**What the task asks**
Your output should be the lines below from the one with "コート メンズ 男性用" through the one with "Seri Full Taşlı", copied exactly, pictures excluded.

**Dataset**
▽
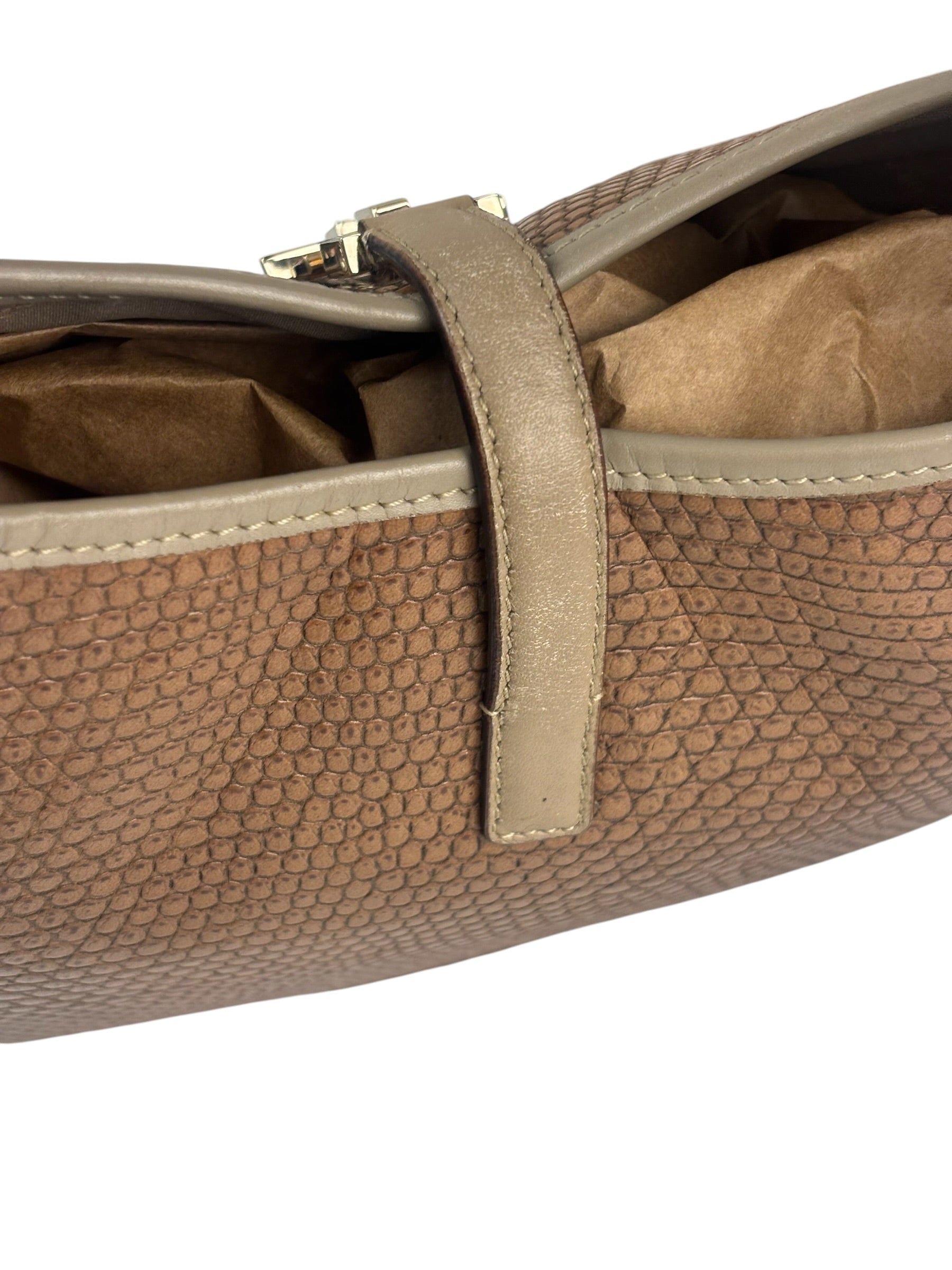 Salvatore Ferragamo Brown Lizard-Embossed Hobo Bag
△
▽
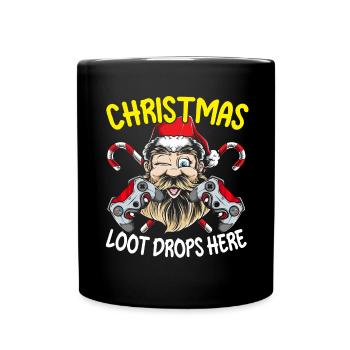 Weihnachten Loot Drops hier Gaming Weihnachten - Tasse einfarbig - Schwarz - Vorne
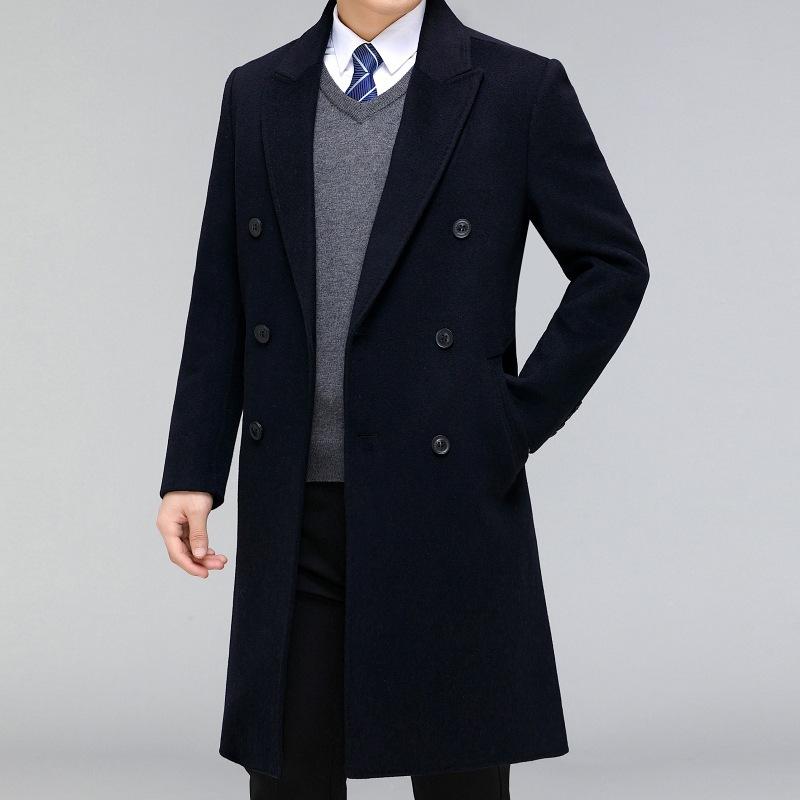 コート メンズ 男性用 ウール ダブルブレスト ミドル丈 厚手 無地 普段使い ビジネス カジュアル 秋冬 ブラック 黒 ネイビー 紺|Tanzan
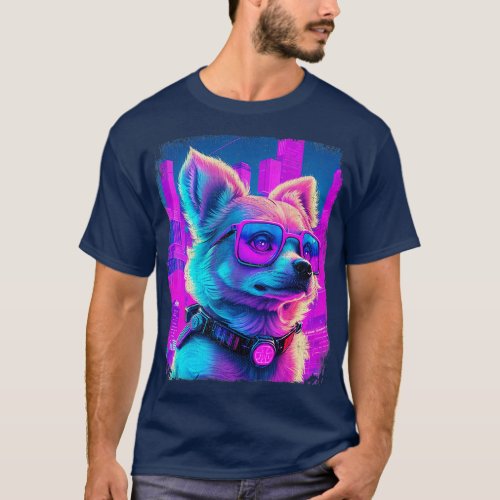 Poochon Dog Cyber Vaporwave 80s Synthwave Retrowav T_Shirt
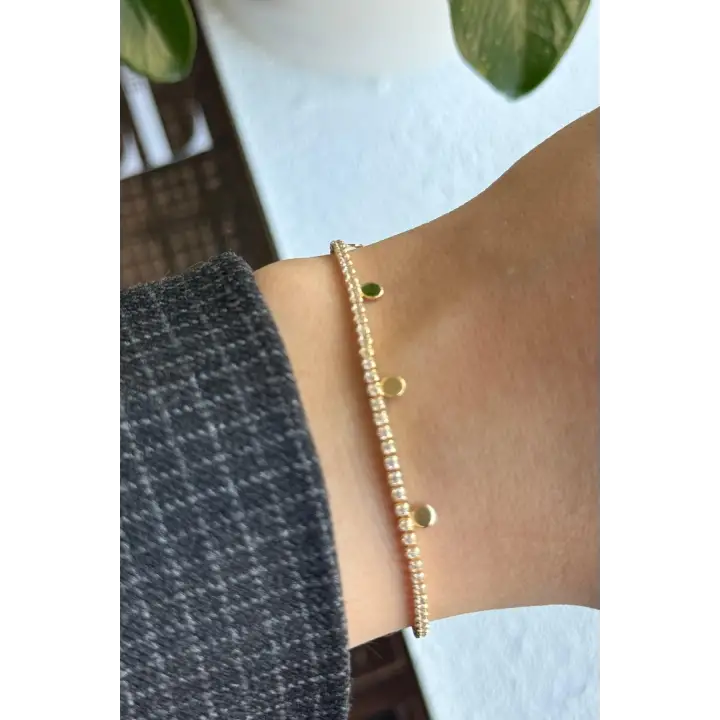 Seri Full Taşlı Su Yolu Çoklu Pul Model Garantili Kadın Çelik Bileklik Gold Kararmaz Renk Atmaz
△
▽
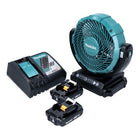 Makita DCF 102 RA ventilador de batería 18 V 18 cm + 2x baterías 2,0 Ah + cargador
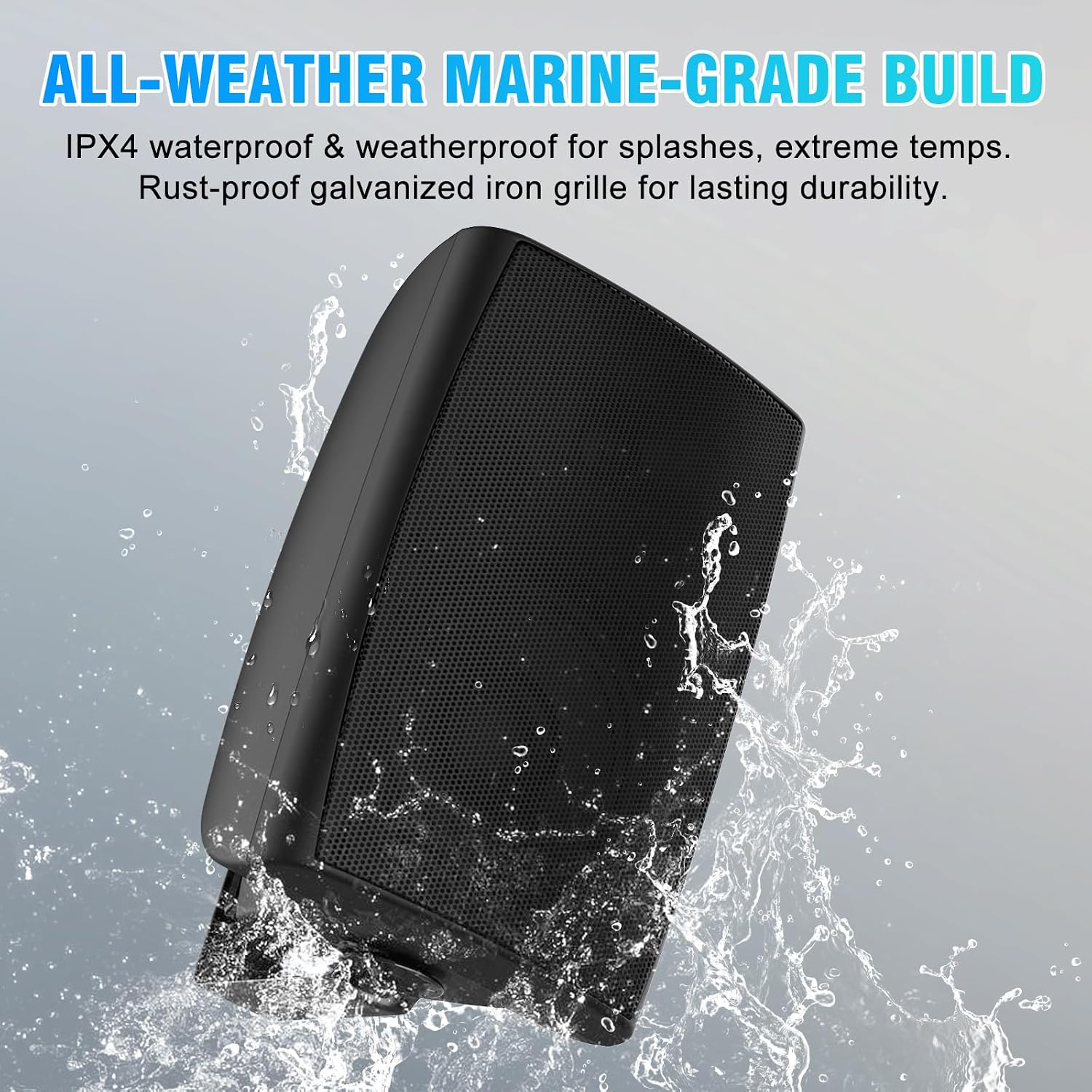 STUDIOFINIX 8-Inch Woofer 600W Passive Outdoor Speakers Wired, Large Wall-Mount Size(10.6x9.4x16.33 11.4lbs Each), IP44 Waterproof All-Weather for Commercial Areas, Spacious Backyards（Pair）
△
**Finished task**
 コート メンズ 男性用 ウール ダブルブレスト ミドル丈 厚手 無地 普段使い ビジネス カジュアル 秋冬 ブラック 黒 ネイビー 紺|Tanzan
 Poochon Dog Cyber Vaporwave 80s Synthwave Retrowav T_Shirt
 Seri Full Taşlı Su Yolu Çoklu Pul Model Garantili Kadın Çelik Bileklik Gold Kararmaz Renk Atmaz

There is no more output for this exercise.